-- Opening Marker --

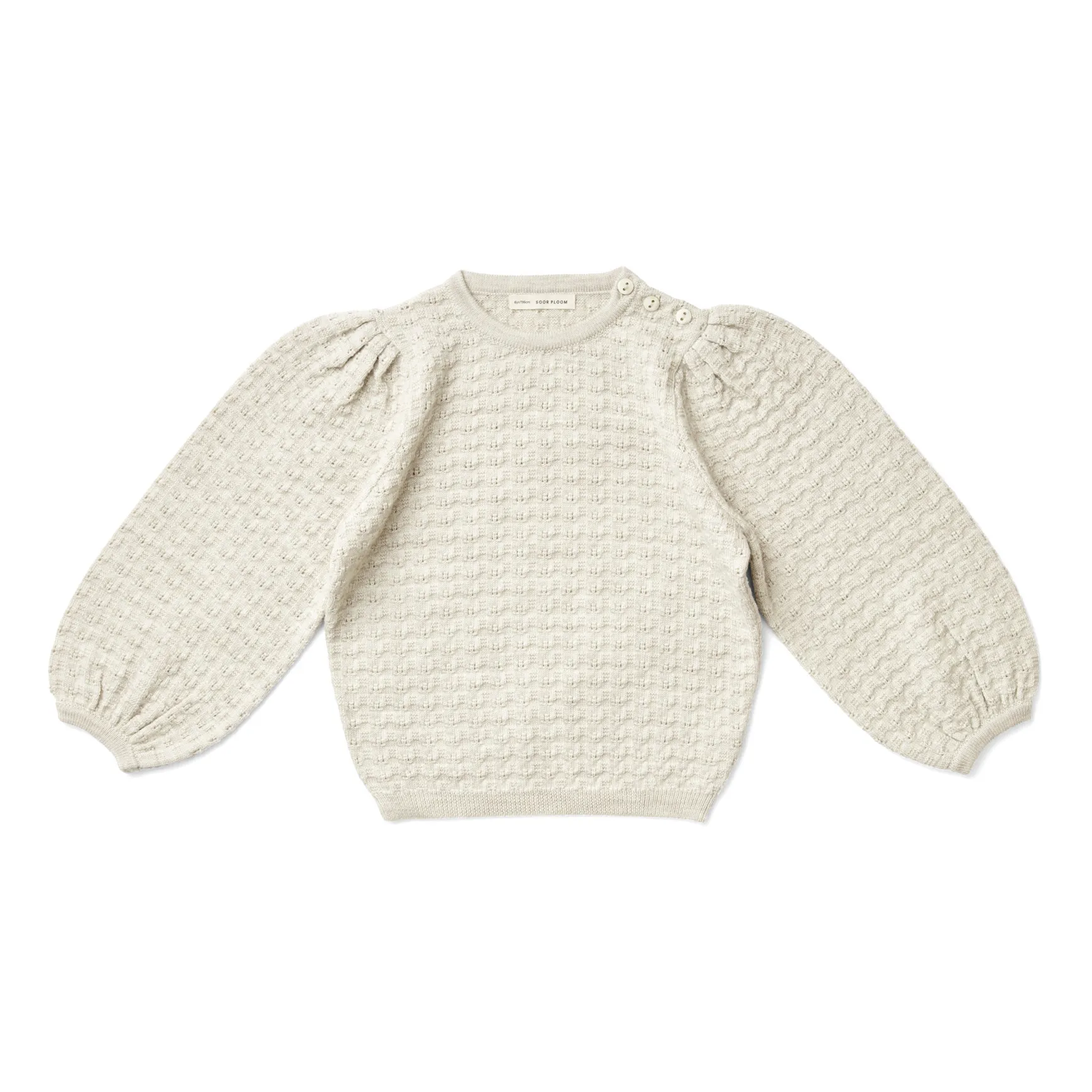Soor Ploom - Merino-Pullover Agnes - Seidenfarben | Smallable 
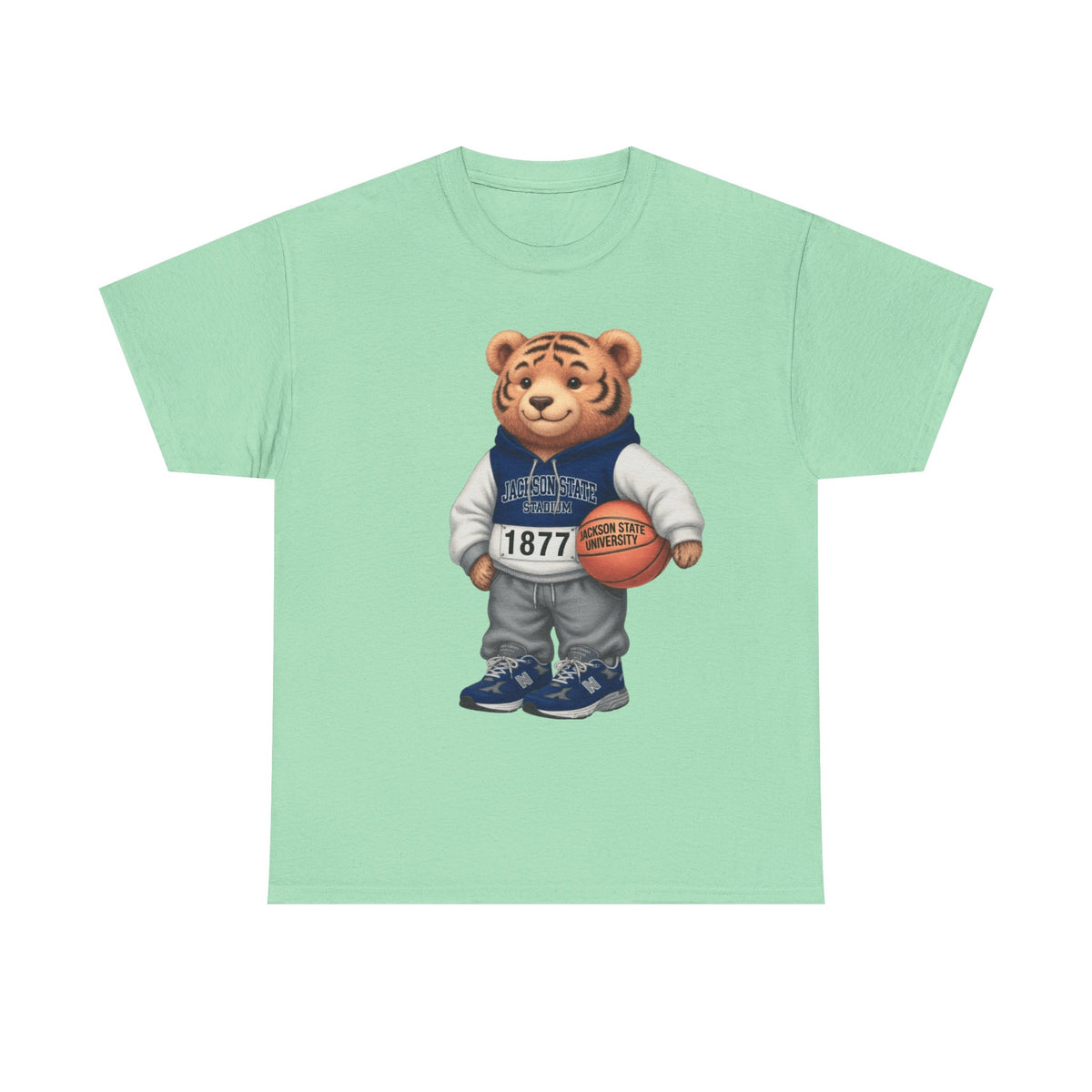 JSU Bear Edition HBCU Tee Shirt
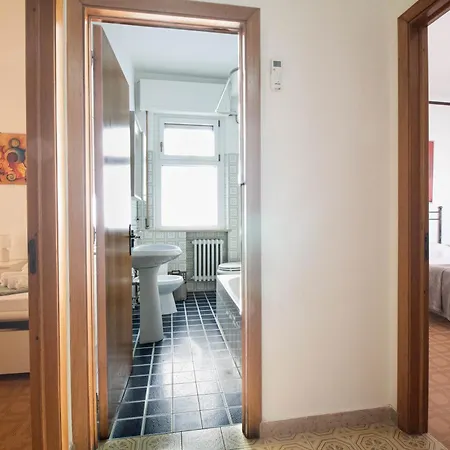 500 Mt Dal Mare - Wifi Ac Centro 4 Posti Letto Appartamento Civitanova Marche
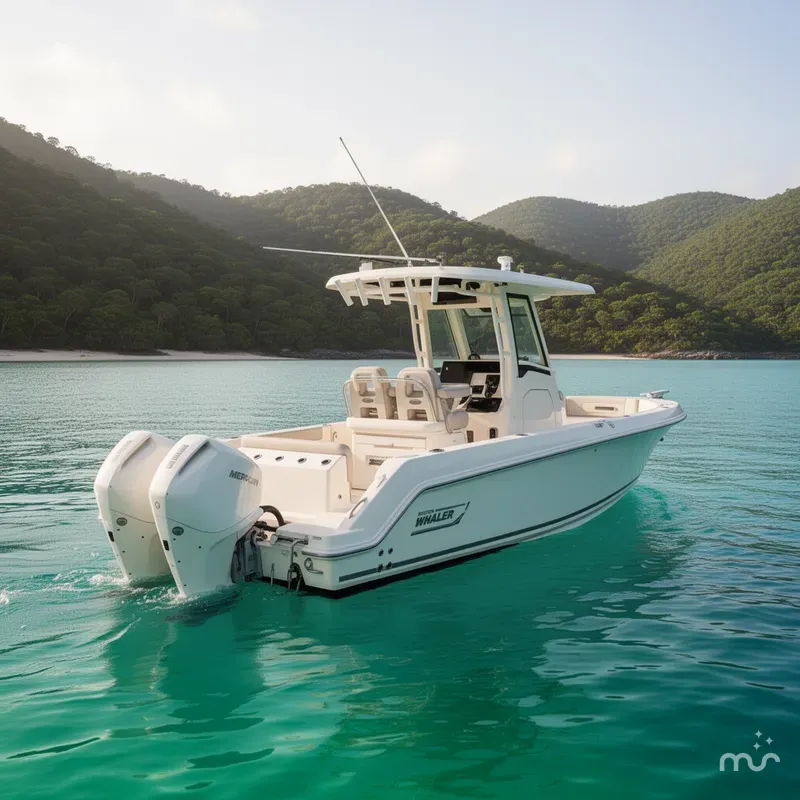 Slide: The Image of Boston Whaler 250 Outrage 2022 - 3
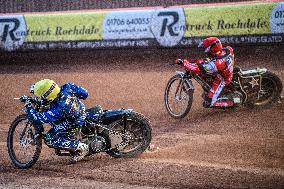 Belle Vue Aces v King's Lynn Stars - Rowe Motor Oil Premiership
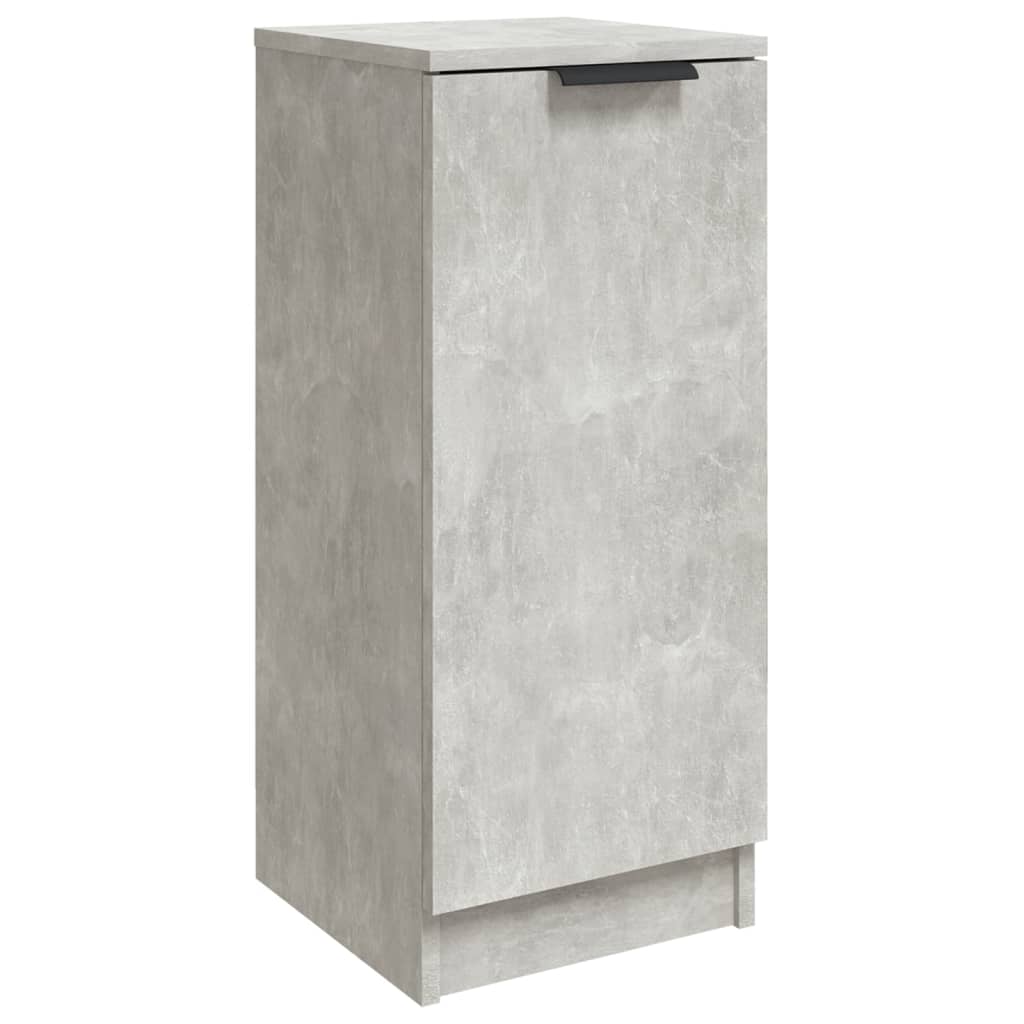 Dulap, gri beton, 30x30x70 cm, lemn compozit GartenMobel Dekor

-- Closing Marker --

Return only the lines from the line containing "500 Mt Dal Mare" through the last line of the records above, both ends included, exactly as written, leaving pictures out.

Solution for this task:
 500 Mt Dal Mare - Wifi Ac Centro 4 Posti Letto Appartamento Civitanova Marche
 Slide: The Image of Boston Whaler 250 Outrage 2022 - 3
 Belle Vue Aces v King's Lynn Stars - Rowe Motor Oil Premiership
 Dulap, gri beton, 30x30x70 cm, lemn compozit GartenMobel Dekor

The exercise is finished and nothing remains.